Pros & Cons of Investing in Commercial Property

Wanting to buy commercial property? First read this!

Like many issues in real estate investing, the debate on whether it is far better to invest in residential over commercial properties continually divides investors.

Proponents of investing in residential say it is the least risky alternative, while those that are in favour of commercial would argue that commercial is safer because of its cash flow possibilities.

Smart investors of course do not pick between the two: they look at both to see how it could fit their portfolio.

The case for investing in commercial real estate now

Higher yields on investment

The average rental yield for residential properties across Australia’s capital cities is 3.6% according to CoreLogic RP Data. By comparison, it’s not unusual to get anywhere between 8%  and 12% gross rental return for commercial properties.

Longer leases

Though a residential property can turn over every 6 to 12 months, a commercial tenancy could be anywhere between 3 and 10 years. Tenants also tend to stay longer particularly when they have invested some funds customising the premises.

No rates or other outgoings

Unlike residential properties where landlords are liable for paying rates, such as council, water and body corporate, commercial tenants cover these outgoings for you.

Smaller deposits

Commercial properties are generally lower priced compared to residential properties so you want a smaller capital outlay. By way of instance, a car park can cost as little as $80,000 compared to $400,000 for a little bed-sitter. Investing in commercial property may be an excellent way to enter the market sooner rather than saving for a residential property investment.

What are the dangers?

While commercial real estate looks appealing on paper, you will find potential risks you will need to know about before investing.

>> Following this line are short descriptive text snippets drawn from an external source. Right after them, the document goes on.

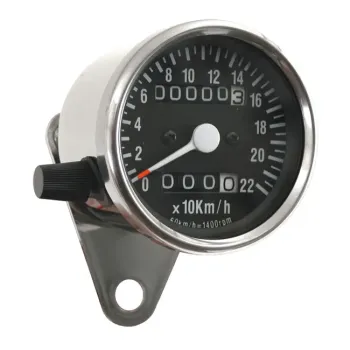cafe 4 racer - Universal Speedometer black -  Analog speedometers 4054783045358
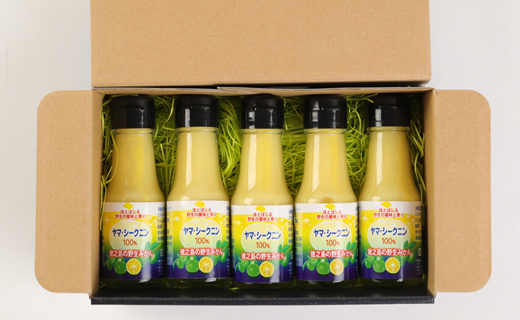 徳之島 天城町 ヤマ・シークニン シークヮーサー 100％ 果汁 調味料 70ml×5本セット M-5-N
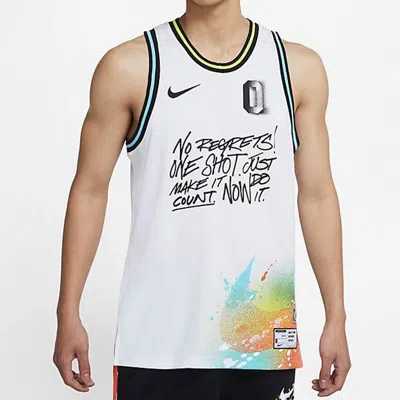 Nike Mens Dna Premium Dri-fit Sports Basketball Vest White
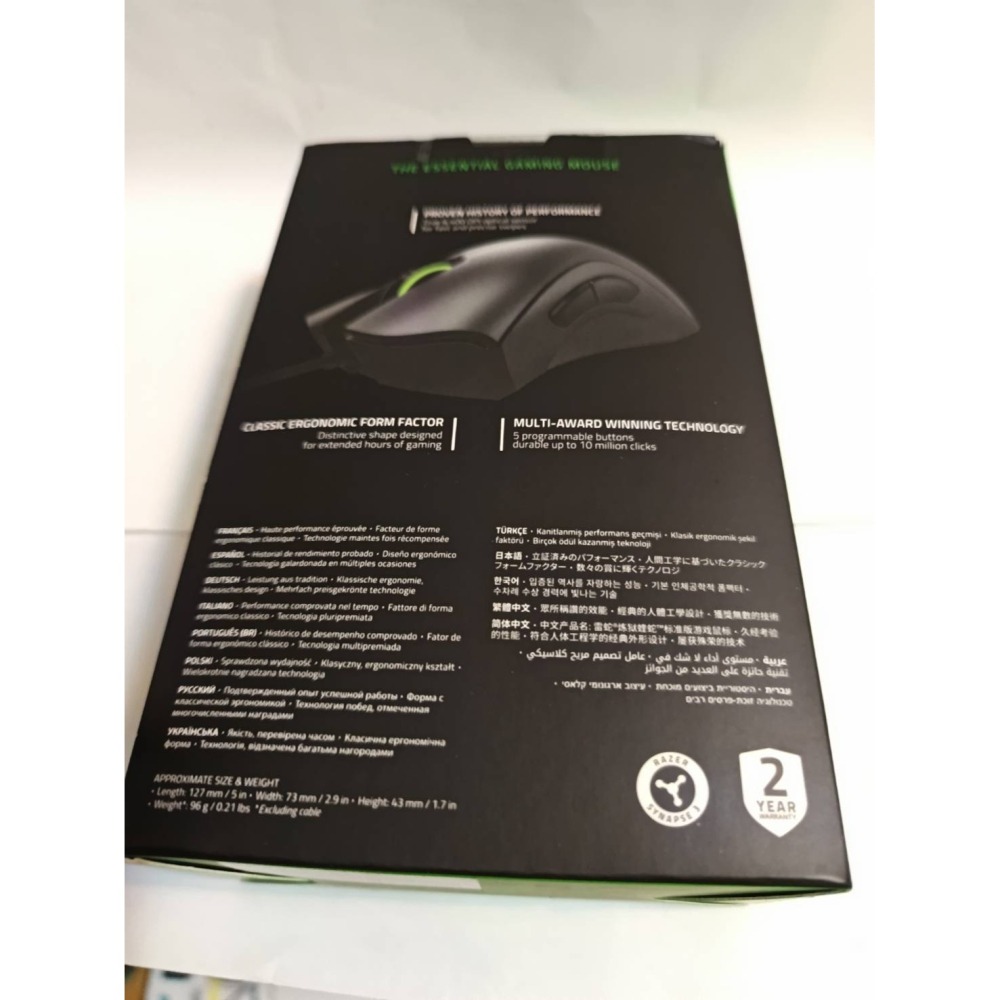 RAZER 雷蛇 DeathAdder Essential 有線滑鼠-細節圖2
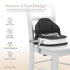 Cozy 636 3-Point 2 Dream On Me Pod Baby Booster Seat for Months, Portable Travel Booster Chair with Safety Harness
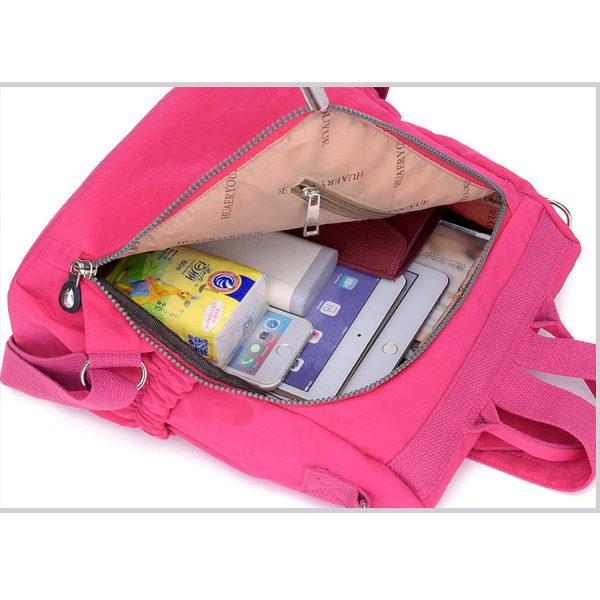 Women Large Capacity Water-Resistant Nylon Backpack - Image 8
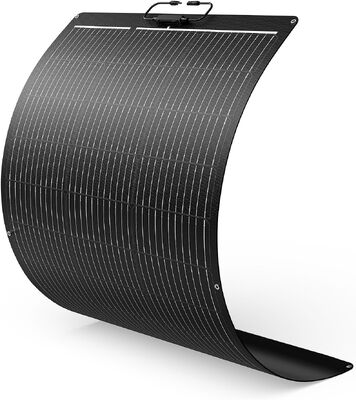 Bom preço Painel solar semi-flexível de 100W painéis solares fotovoltaicos flexíveis para caravanas, RVs, barcos, vans on-line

Commercial Properties are sensitive to economic conditions

When the economy is strong, businesses thrive and as such the interest for commercial properties rises. Conversely, when there is an economic downturn, demand for commercial properties usually falls.

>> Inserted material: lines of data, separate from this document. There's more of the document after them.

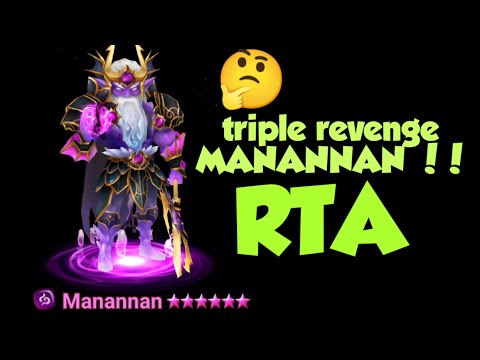 summoners war: TRIPLE REVENGE MANANNAN RTA test! NEW UPDATE!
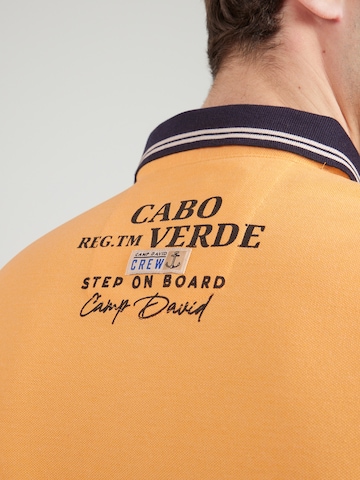 CAMP DAVID Poloshirt in Orange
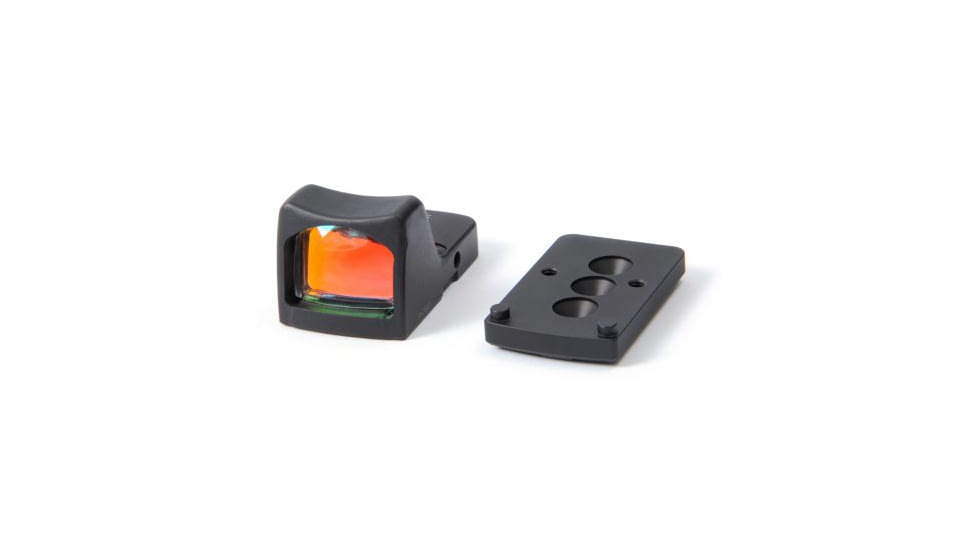 Unity Tactical LPVO Offset Optic Adapter Plate, RMR/SRO, Black, FST-SOPR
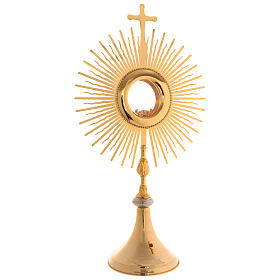 Monstrance, sun shaped, height 75 cm with 10cm  display case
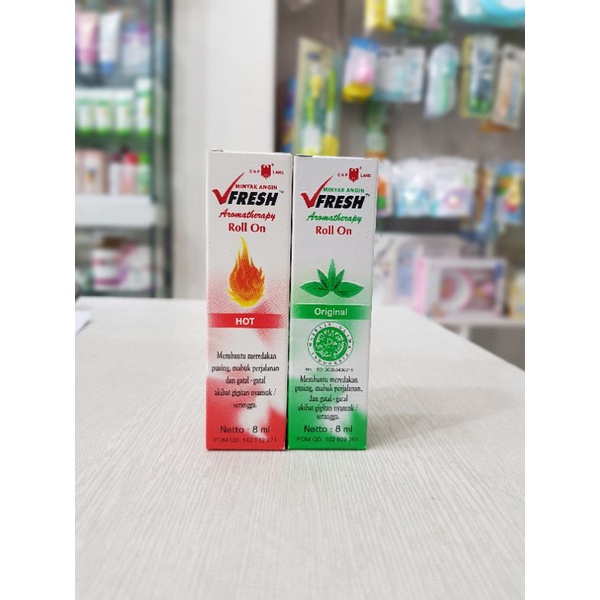 VFresh Roll On / Minyak Angin / Mabuk Perjalanan / Mual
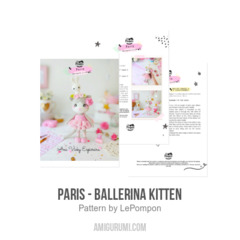 Paris - Ballerina Kitten amigurumi pattern by LePompon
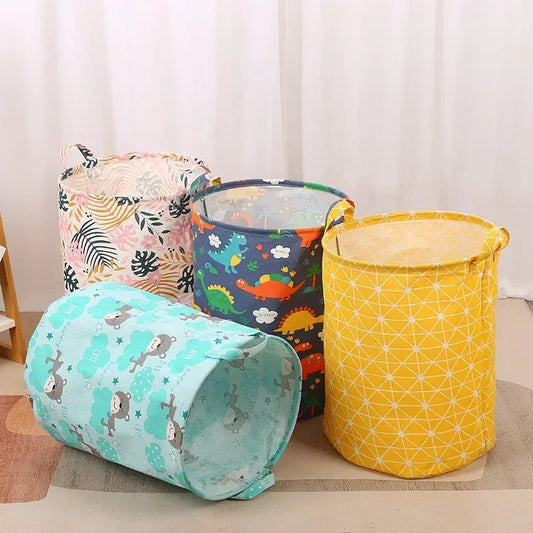 Laundry Storage Bag Cotton Linen Large Basket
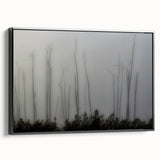Black and white framed canvas of a Louisiana landscape, ideal for bedroom wall art with a vintage poster style.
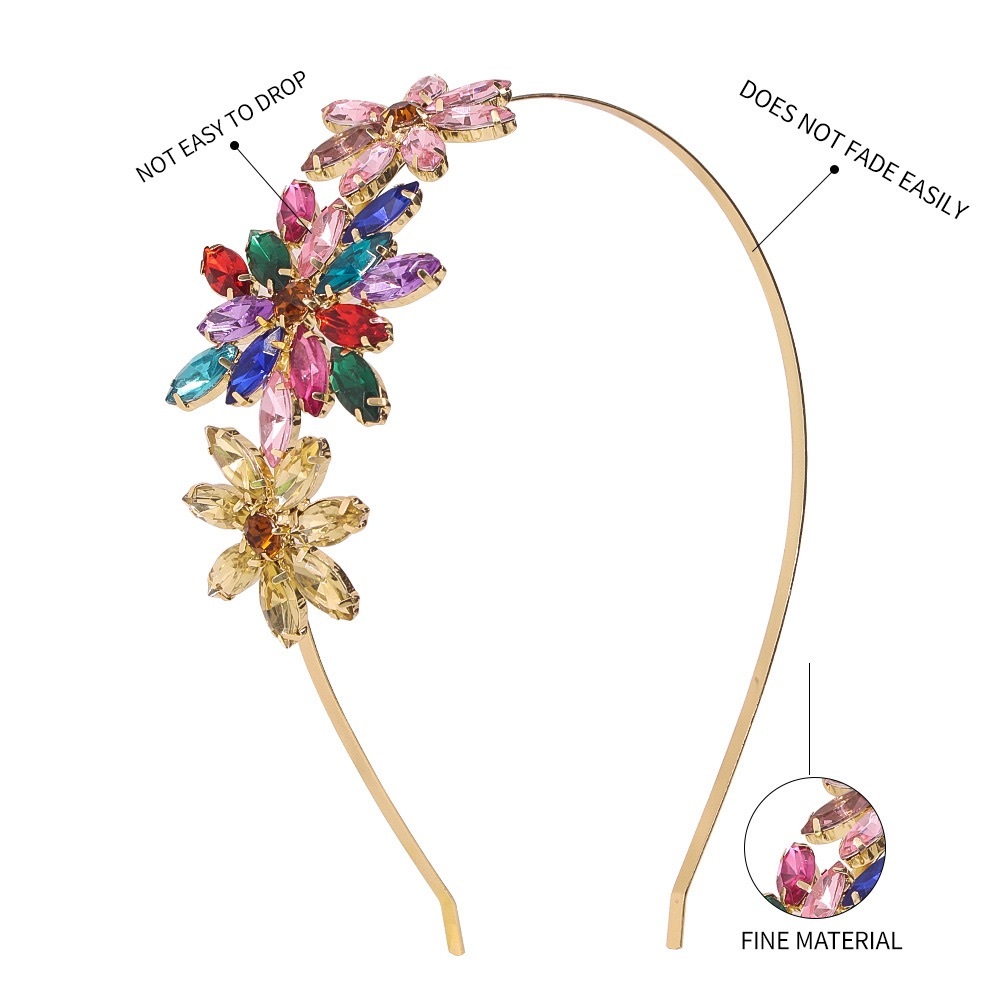 Multicolor gemstone headband - Picture 8 of 8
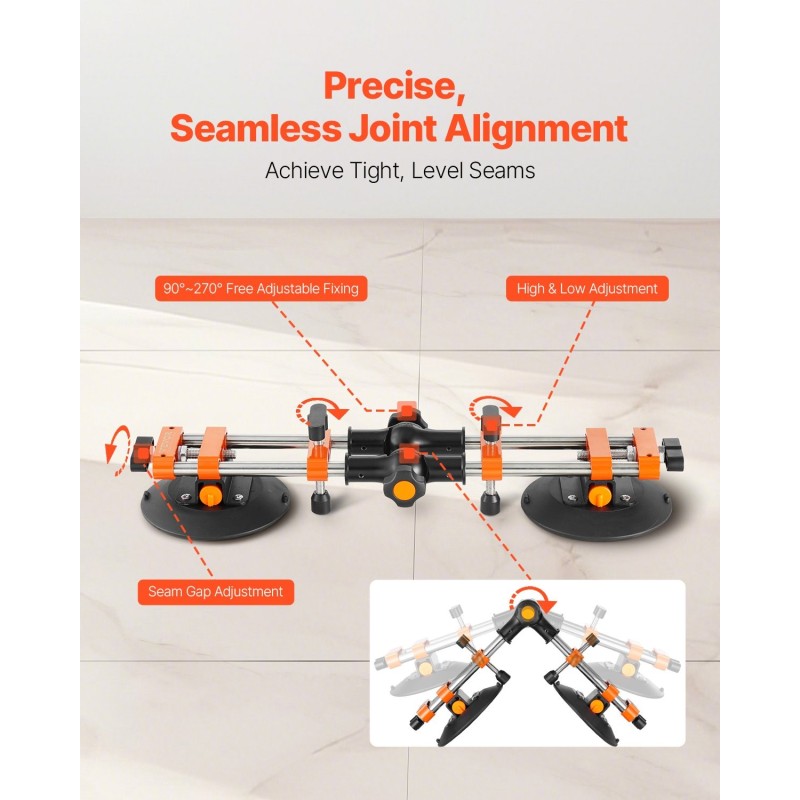Saumantasain 152 mm nitriilikumikupilla 200 kg imuvoimalla 2 kpl työtasoille ja laatoille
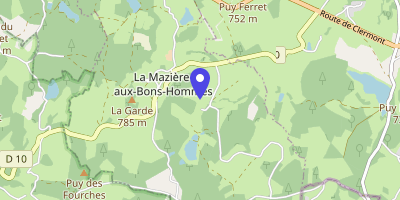 Carte OpenStreetMap — Le Bourg, La Mazière-aux-Bons-Hommes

It takes longer to locate a tenant after it becomes empty

While commercial properties bring long-term leases of 3 to 4 years or longer, it can take more time to get a tenant. It’s not unusual for commercial properties to have extended vacancies, so you’ll have to cover all of the cost in this time.

It’s vulnerable to changes in supply

Changes in supply conditions can cause potential problems for investors. An increase in new property coming on the market in the same region threatens existing tenancies as renters might look to expand or upgrade. Strong supply may also reduce potential yields.

Changes in infrastructure in the region could be detrimental

While infrastructure changes in the region can attract commercial investments there, it may also lure tenants away from existing areas and older commercial properties. This could cause your property to become vacant.

Values can fall sharply

The value of commercial properties closely correlates with the lease on that property. If a commercial property becomes empty, or the lease is about to expire, the value of this property would generally be expected to drop. By comparison, any cost falls related to residential properties are generally less dramatic and typically happen progressively over a longer time period.

So, should you purchase residential or commercial?

It depends where you are currently in your portfolio. If you’re looking to diversify and need a cash flow shot, a well-located commercial property may be a great addition. Just make sure you do thorough due diligence and know the risks involved.